Submitted to: Vaccine
Publication Type: Peer Reviewed Journal
Publication Acceptance Date: 6/28/1995
Publication Date: N/A
Citation: N/A Interpretive Summary: Cryptosporidiosis is an intestinal disease of humans and animals caused by the protozoan parasite Cryptosporidium parvum. The disease is most prevalent in the young whose immune system may be incompletely developed and in AIDS patients who have impaired immune cell function. At present there are no drugs to treat cryptosporidiosis in humans or animals. Previous research has shown that colostrum from cows immunized with cryptosporidial antigens can ameliorate infection by binding the surface of the parasite and thereby preventing invasion of and development in host cells. The purpose of this study was to test a novel means of immunizing ruminants with a recombinant Cryptosporidium protein using direct injection of DNA. Lactating sheep that were immunized with plasmid DNA that codes for a parasite antigen produced high titer antibodies in their serum and colostrum specific for the parasite antigen. The study showed that route of injection and the DNA dose influenced the titer of antigen-specific immunoglobulin produced in these animals. The colostrum and serum antibodies were shown to bind the surface of the parasite and thus may be useful in preventing infection when administered to Cryptosporidium-infected individuals.

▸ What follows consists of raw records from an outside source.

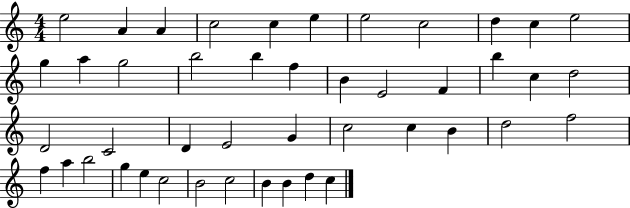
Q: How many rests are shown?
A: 0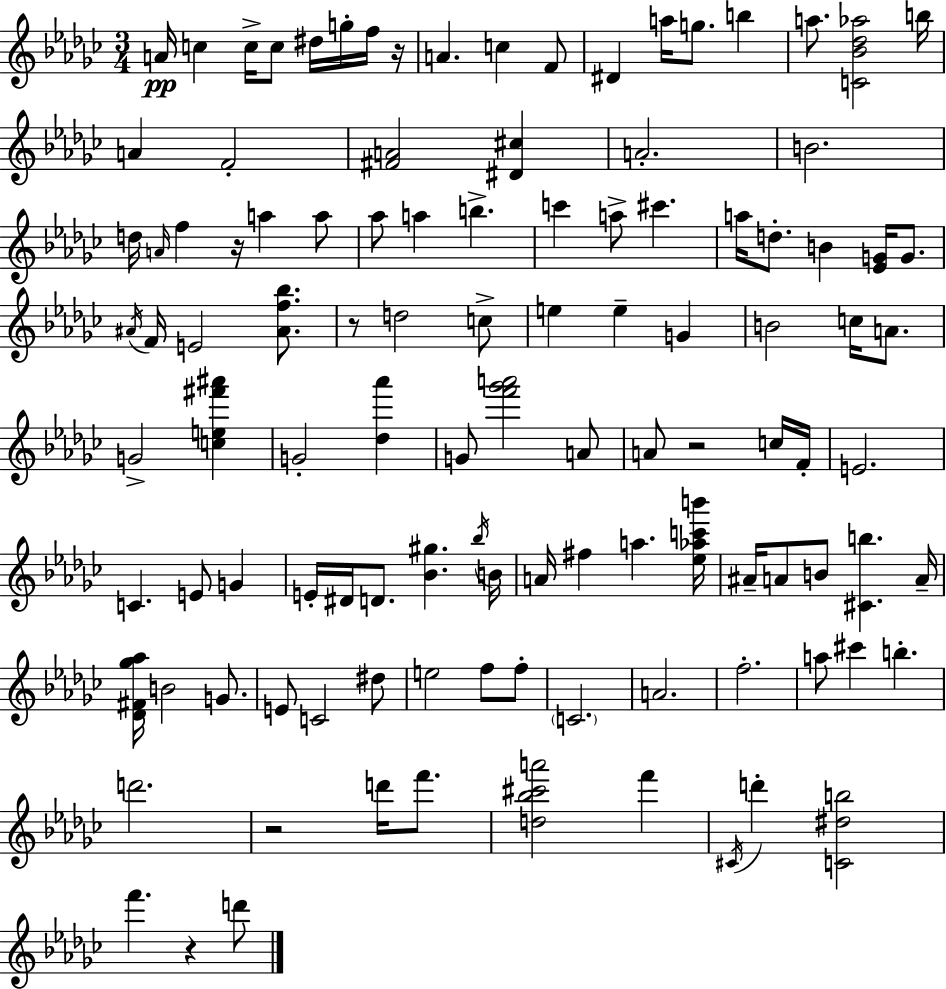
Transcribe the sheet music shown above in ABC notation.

X:1
T:Untitled
M:3/4
L:1/4
K:Ebm
A/4 c c/4 c/2 ^d/4 g/4 f/4 z/4 A c F/2 ^D a/4 g/2 b a/2 [C_B_d_a]2 b/4 A F2 [^FA]2 [^D^c] A2 B2 d/4 A/4 f z/4 a a/2 _a/2 a b c' a/2 ^c' a/4 d/2 B [_EG]/4 G/2 ^A/4 F/4 E2 [^Af_b]/2 z/2 d2 c/2 e e G B2 c/4 A/2 G2 [ce^f'^a'] G2 [_d_a'] G/2 [f'_g'a']2 A/2 A/2 z2 c/4 F/4 E2 C E/2 G E/4 ^D/4 D/2 [_B^g] _b/4 B/4 A/4 ^f a [_e_ac'b']/4 ^A/4 A/2 B/2 [^Cb] A/4 [_D^F_g_a]/4 B2 G/2 E/2 C2 ^d/2 e2 f/2 f/2 C2 A2 f2 a/2 ^c' b d'2 z2 d'/4 f'/2 [d_b^c'a']2 f' ^C/4 d' [C^db]2 f' z d'/2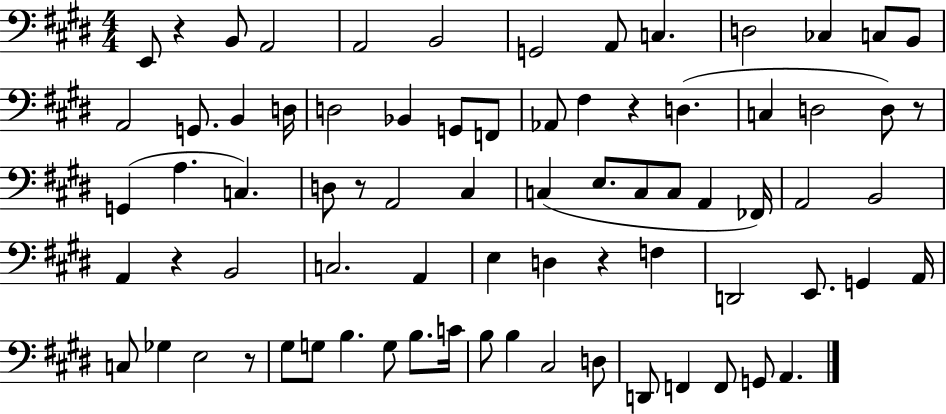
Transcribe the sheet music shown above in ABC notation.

X:1
T:Untitled
M:4/4
L:1/4
K:E
E,,/2 z B,,/2 A,,2 A,,2 B,,2 G,,2 A,,/2 C, D,2 _C, C,/2 B,,/2 A,,2 G,,/2 B,, D,/4 D,2 _B,, G,,/2 F,,/2 _A,,/2 ^F, z D, C, D,2 D,/2 z/2 G,, A, C, D,/2 z/2 A,,2 ^C, C, E,/2 C,/2 C,/2 A,, _F,,/4 A,,2 B,,2 A,, z B,,2 C,2 A,, E, D, z F, D,,2 E,,/2 G,, A,,/4 C,/2 _G, E,2 z/2 ^G,/2 G,/2 B, G,/2 B,/2 C/4 B,/2 B, ^C,2 D,/2 D,,/2 F,, F,,/2 G,,/2 A,,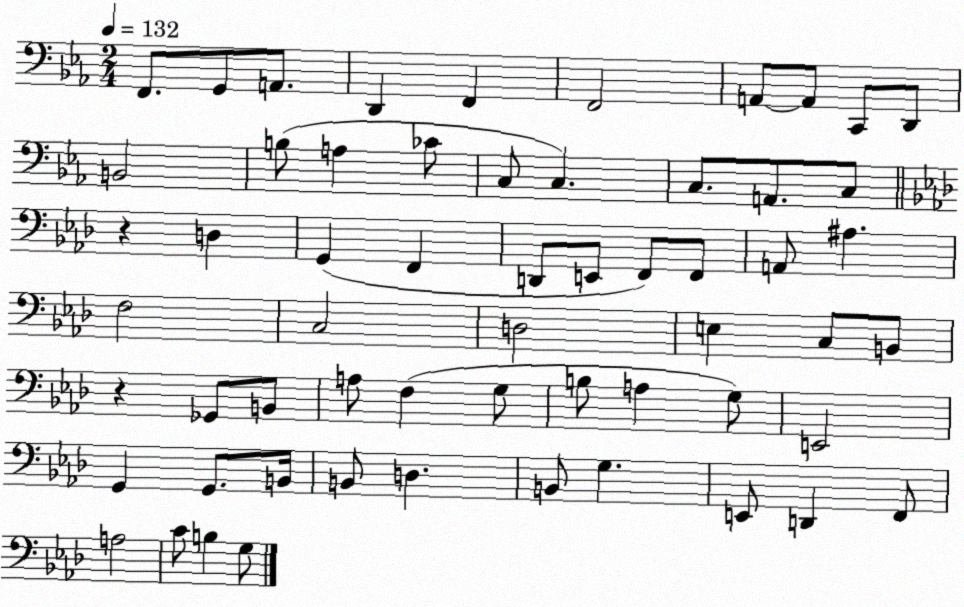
X:1
T:Untitled
M:2/4
L:1/4
K:Eb
F,,/2 G,,/2 A,,/2 D,, F,, F,,2 A,,/2 A,,/2 C,,/2 D,,/2 B,,2 B,/2 A, _C/2 C,/2 C, C,/2 A,,/2 C,/2 z D, G,, F,, D,,/2 E,,/2 F,,/2 F,,/2 A,,/2 ^A, F,2 C,2 D,2 E, C,/2 B,,/2 z _G,,/2 B,,/2 A,/2 F, G,/2 B,/2 A, G,/2 E,,2 G,, G,,/2 B,,/4 B,,/2 D, B,,/2 G, E,,/2 D,, F,,/2 A,2 C/2 B, G,/2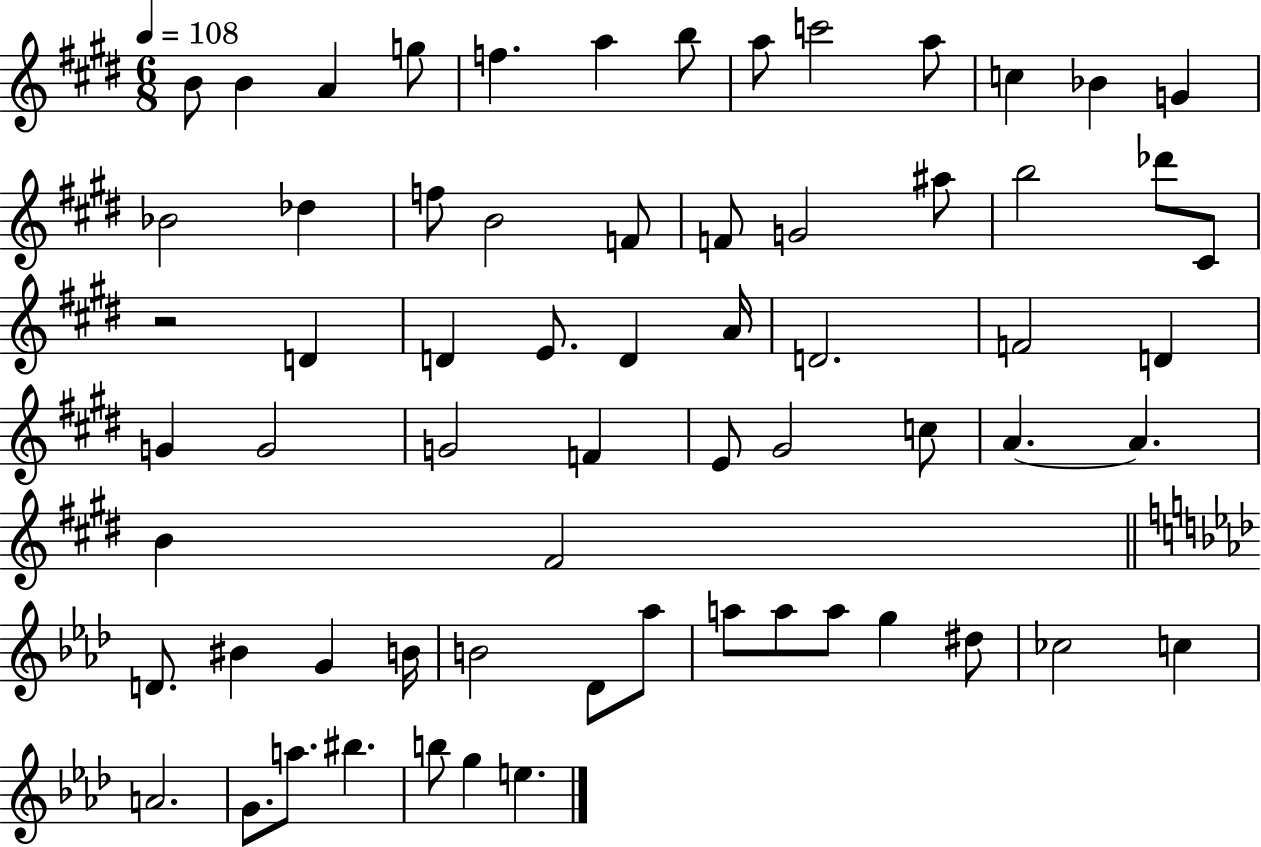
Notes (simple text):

B4/e B4/q A4/q G5/e F5/q. A5/q B5/e A5/e C6/h A5/e C5/q Bb4/q G4/q Bb4/h Db5/q F5/e B4/h F4/e F4/e G4/h A#5/e B5/h Db6/e C#4/e R/h D4/q D4/q E4/e. D4/q A4/s D4/h. F4/h D4/q G4/q G4/h G4/h F4/q E4/e G#4/h C5/e A4/q. A4/q. B4/q F#4/h D4/e. BIS4/q G4/q B4/s B4/h Db4/e Ab5/e A5/e A5/e A5/e G5/q D#5/e CES5/h C5/q A4/h. G4/e. A5/e. BIS5/q. B5/e G5/q E5/q.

Technical Abstract: In an effort to generate high titer colostrum for immunotherapy of cryptosporidiosis, a study was conducted to test the efficacy of immunizing sheep with recombinant plasmid DNA (pCMV-CP15/60) encoding epitopes of 15 kDa and 60 kDa surface antigens of Cryptosporidium parvum sporozoites. The plasmid DNA was used to immunize preparturient ewes at three dose levels by jet-injection into either hind limb muscle (IM) or mammary tissue (IMAM). Regardless of route of injection, a dose-dependent anti-CP15/60 immunoglobulin response was observed in sera and colostrum from sheep immunized with pCMV-CP15/60 plasmid DNA. High titer antibody responses were observed in one of three animals per group receiving an IM injection of 100 ug or 1000 ug pCMV-CP15/60. IMAM immunization with 100 ug or 1000 ug pCMV-CP15/60 plasmid DNA elicited higher titer colostrum responses and more consistent serum responses compared to IM injections. A negligible serum and colostrum anti-CP15/60 response was observed in ewes injected IM with 10 ug pCMV-CP15/60 or 1000 ug control plasmid DNA. Immunoblotting of native C. parvum sporozoite/oocyst protein with hyperimmune serum and colostrum corroborated the increased titers against CP15/60 antigen. Serum and colostrum antibodies from pCMV-CP15/60-immunized sheep were eluted from native CP15 protein and bound a surface antigen of C. parvum sporozoites as indicated by indirect immunofluorescence staining.